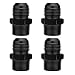 caqeg 10AN Male Flare to 12 NPT Pipe Fitting Adapter Aluminum Straight Black Pack of 4 - Image 2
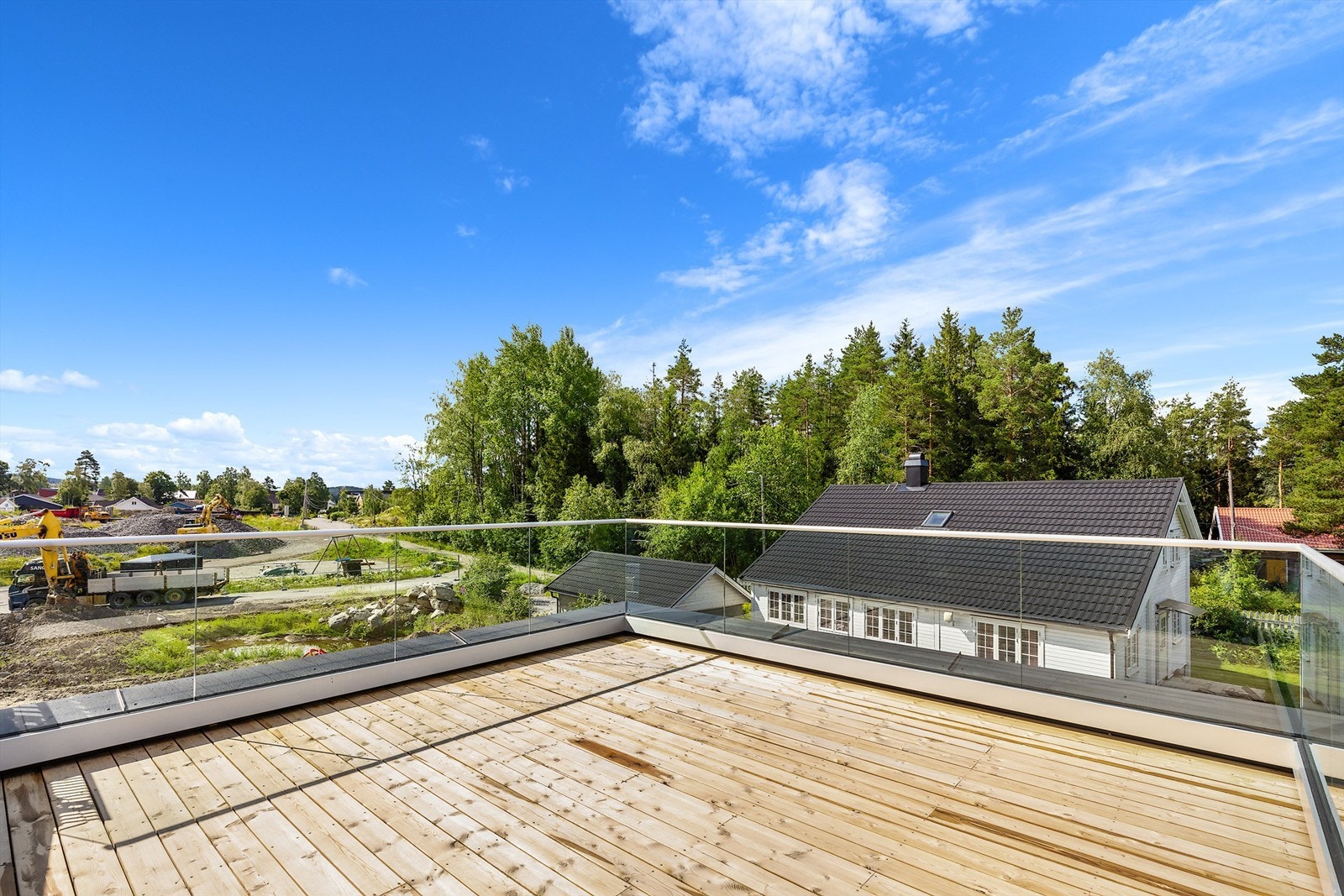 Takterrasse mot vest Galleribilde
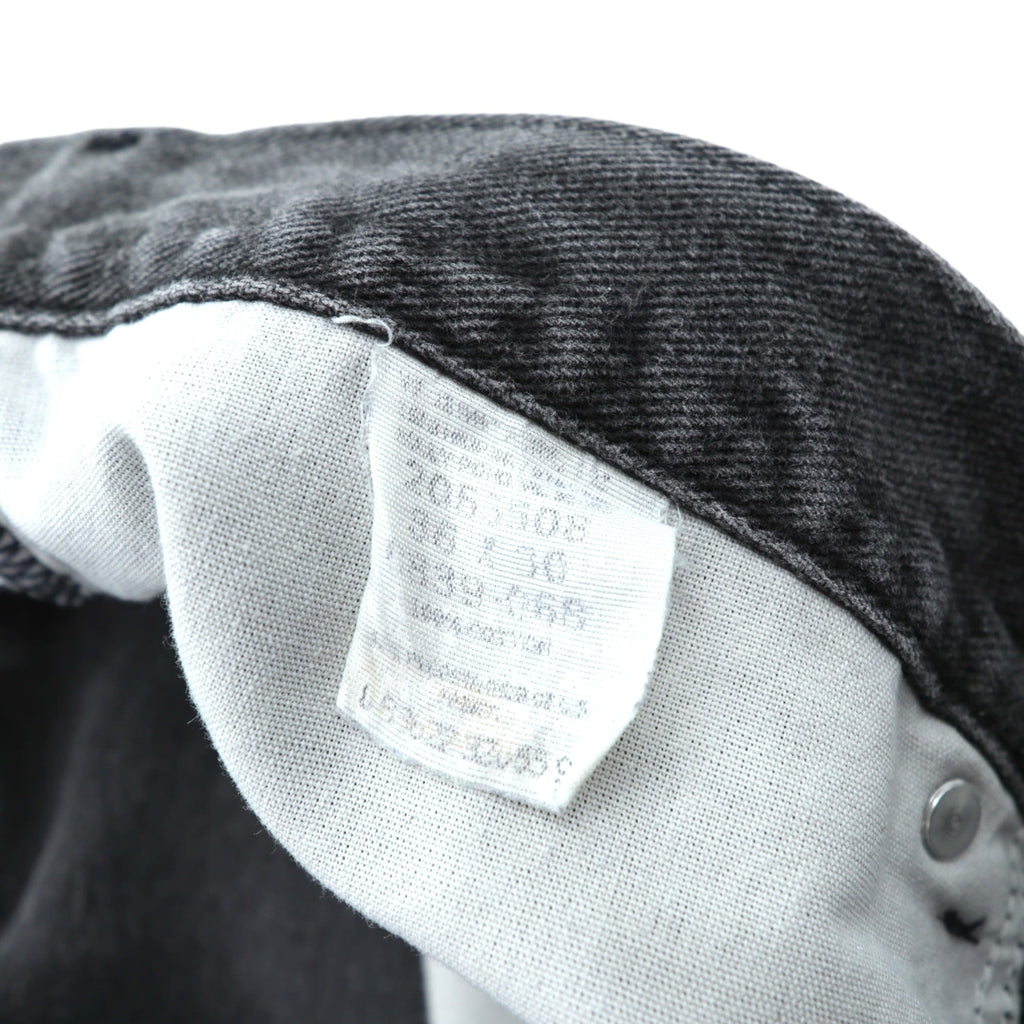 Lee 90s Made in USA Baggy Jeans Tapered Black Denim Pants, Size L, Zipper Fly, Leather Patch, Relaxed Fit, 2055508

● What you are asked to do
Give back the material above exactly, without pictures.

● Solution to the problem
 caqeg 10AN Male Flare to 12 NPT Pipe Fitting Adapter Aluminum Straight Black Pack of 4 - Image 2
 Takterrasse mot vest Galleribilde
 Lee 90s Made in USA Baggy Jeans Tapered Black Denim Pants, Size L, Zipper Fly, Leather Patch, Relaxed Fit, 2055508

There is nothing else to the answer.